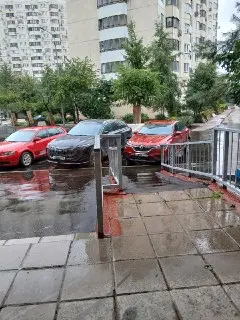 Жители жалуются на неудобный пандус после ремонта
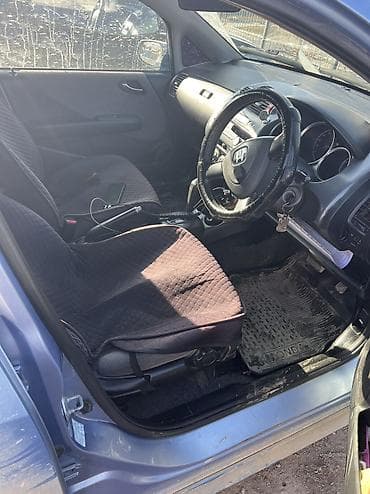 фит синий: Honda Fit: 2002 г., 1.3 л, Автомат, Бензин, Хэтчбэк — 5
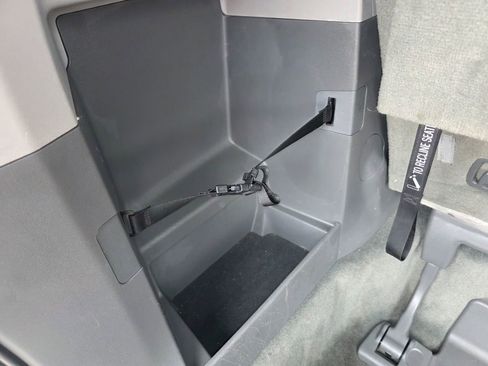 Used 2017 Toyota Sienna XLE w/ XLE Navigation Package image 40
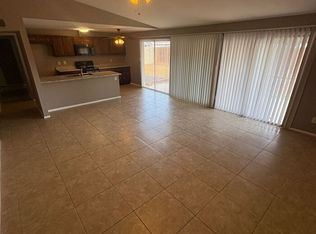 8002 W Mariposa Dr, Phoenix, AZ 85033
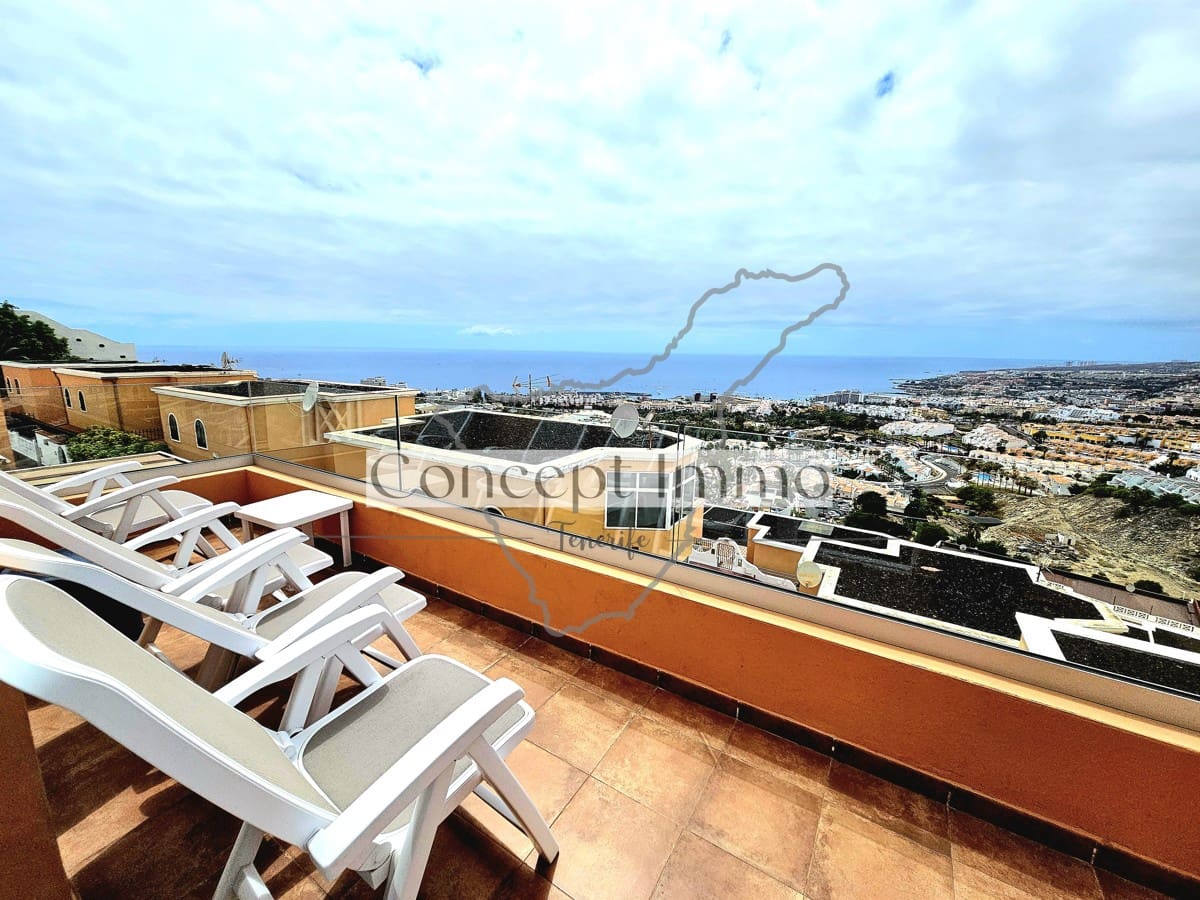 5 soveværelse Villa til salg i Costa Adeje med swimmingpool garage - € 600.000 (Ref: 9151093)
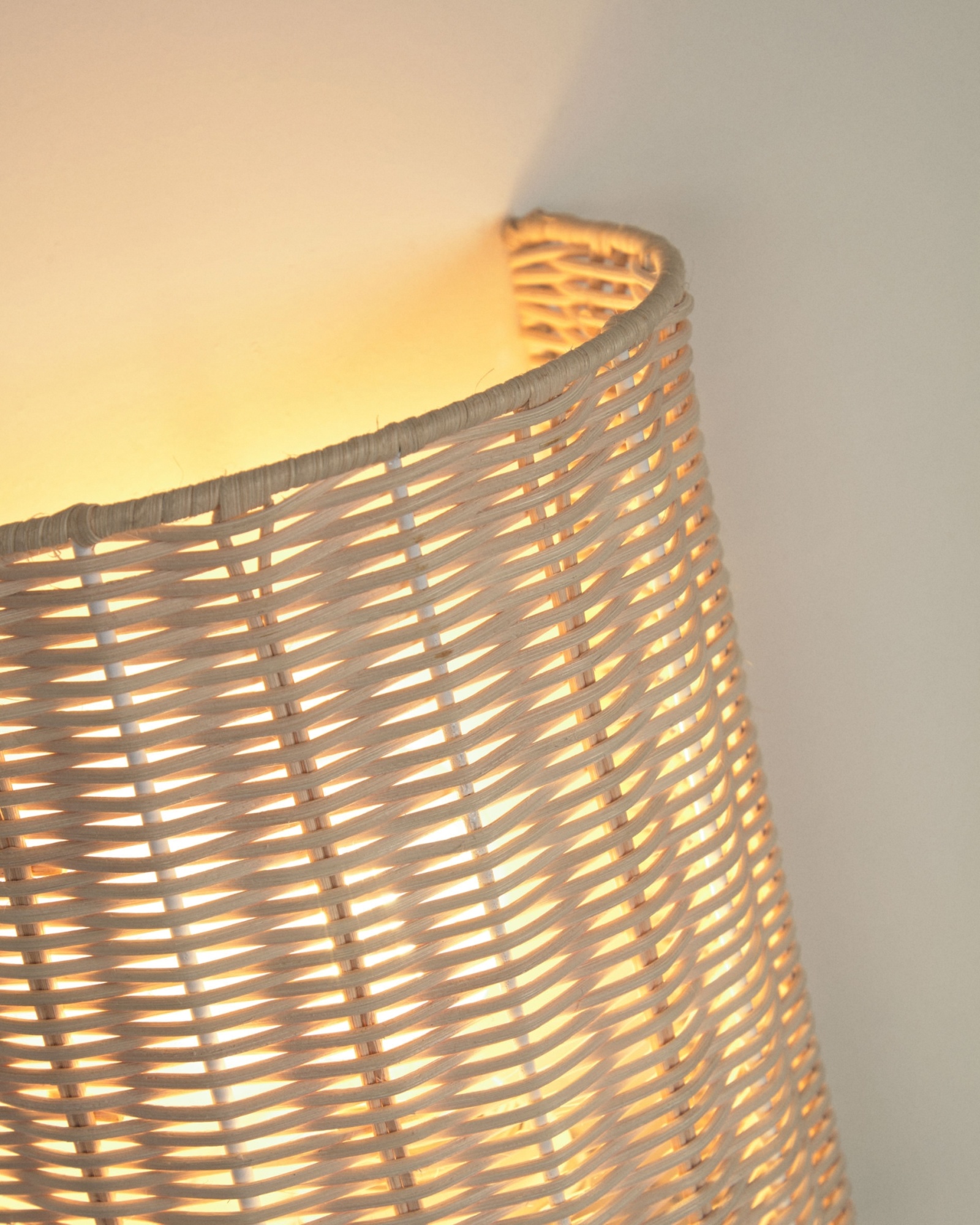 Бра Kimjit из ротанга с натуральной отделкой La Forma (ex Julia Grup)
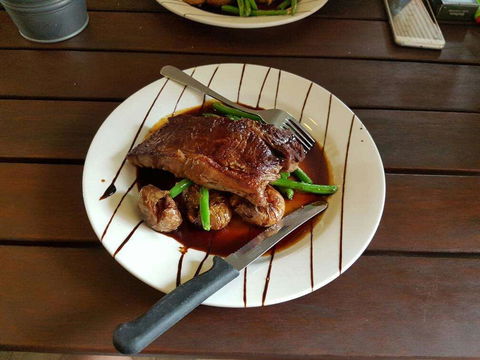 Meeniyan Hotel - Restaurant Canberra 0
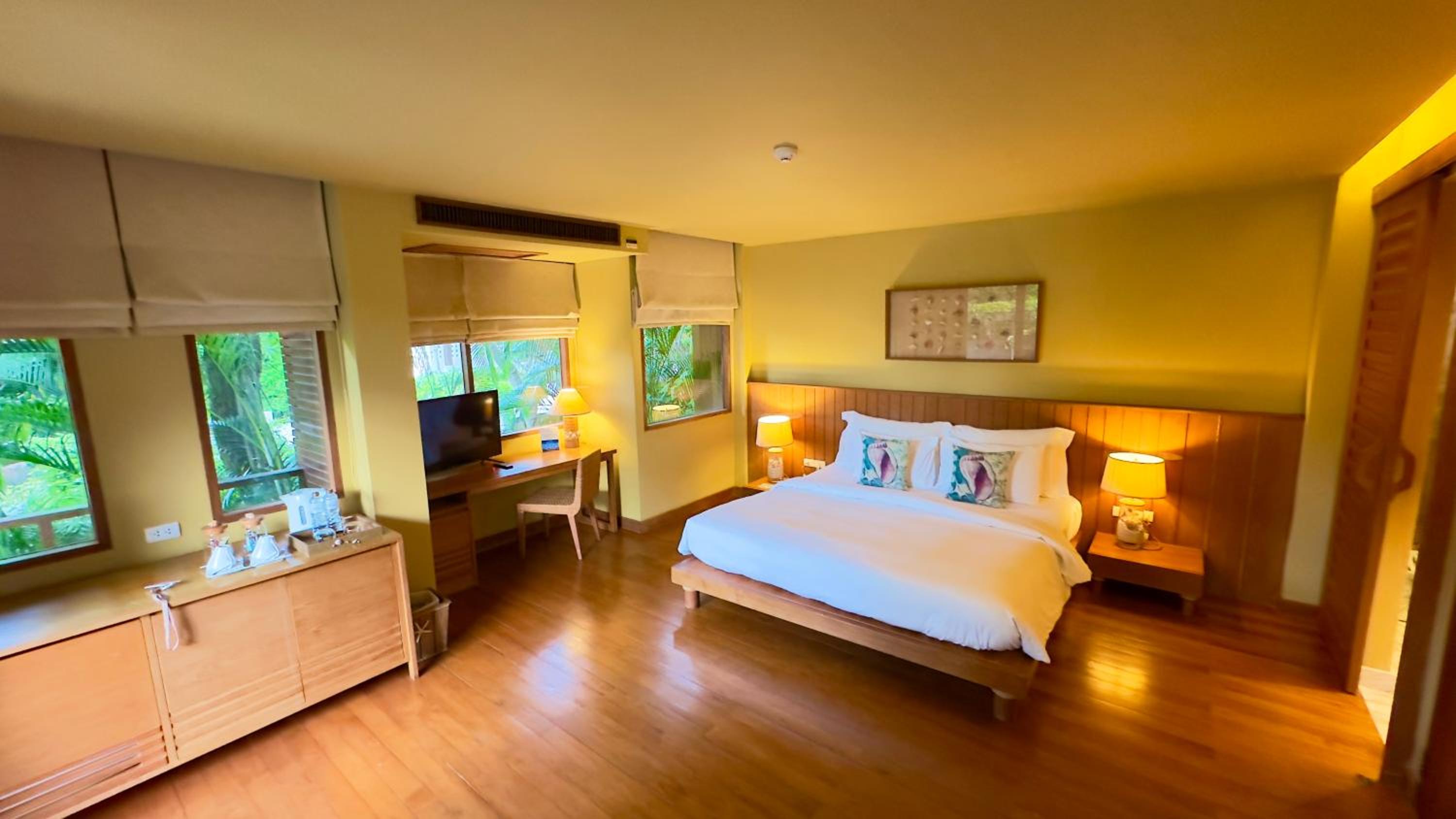 Grand Deluxe with Pool Access - Photo 6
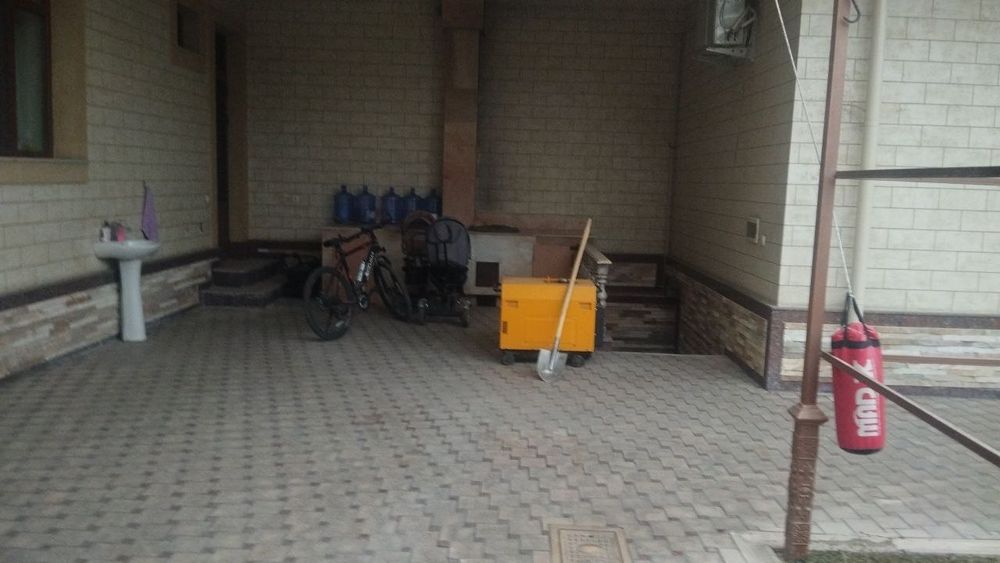 Srochna uy sotiladi sabzavot mahallasida.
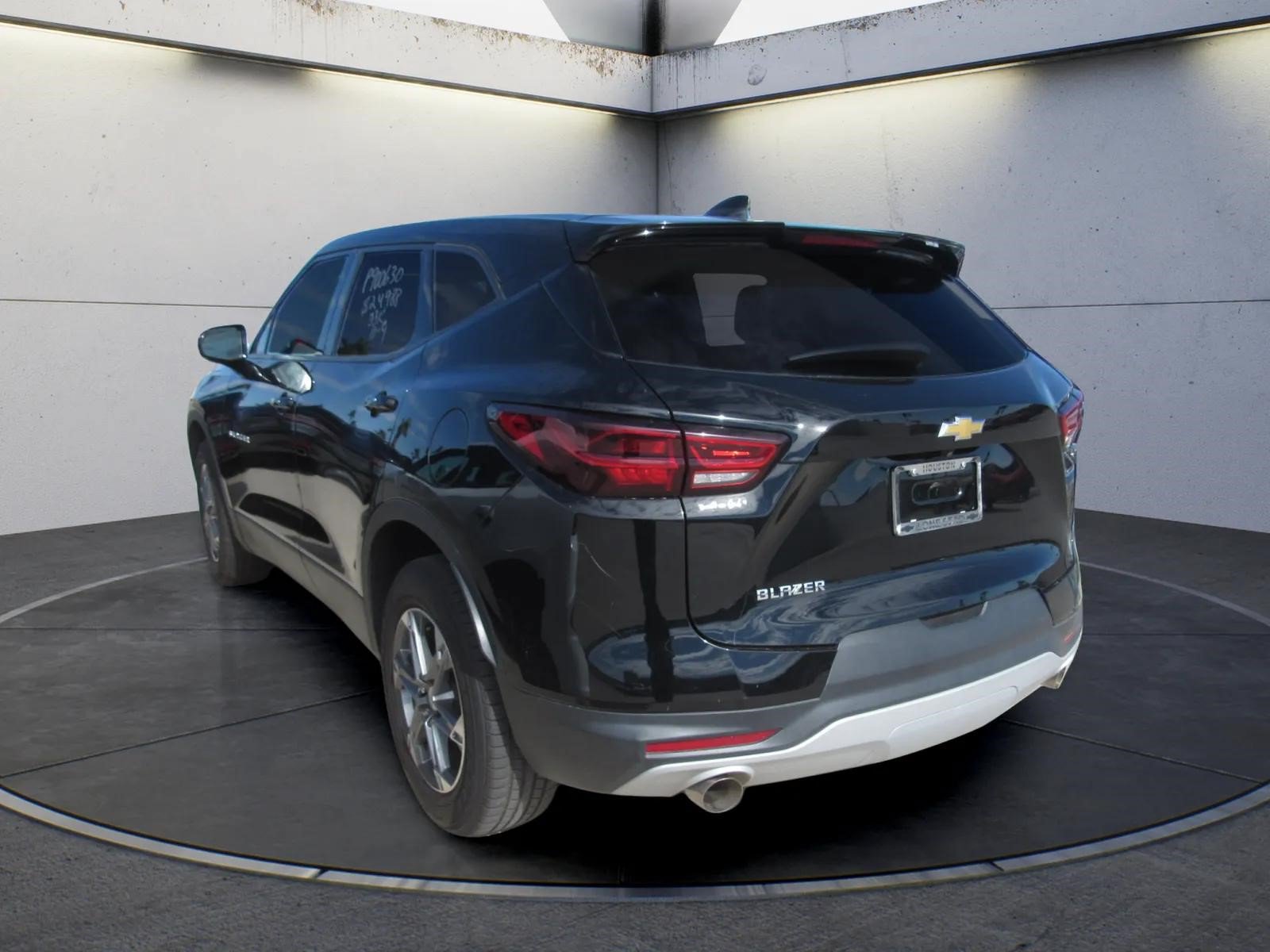 Used 2023 Chevrolet Blazer LT w/ Driver Confidence Package FWD image 4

==================================================

● **Work instruction**
Transcribe exactly the line containing "Grand Deluxe with Pool Access - Photo 6" and every line after it through the end of the listing above; pictures are not part of the copy.

● **Response**
 Grand Deluxe with Pool Access - Photo 6
 Srochna uy sotiladi sabzavot mahallasida.
 Used 2023 Chevrolet Blazer LT w/ Driver Confidence Package FWD image 4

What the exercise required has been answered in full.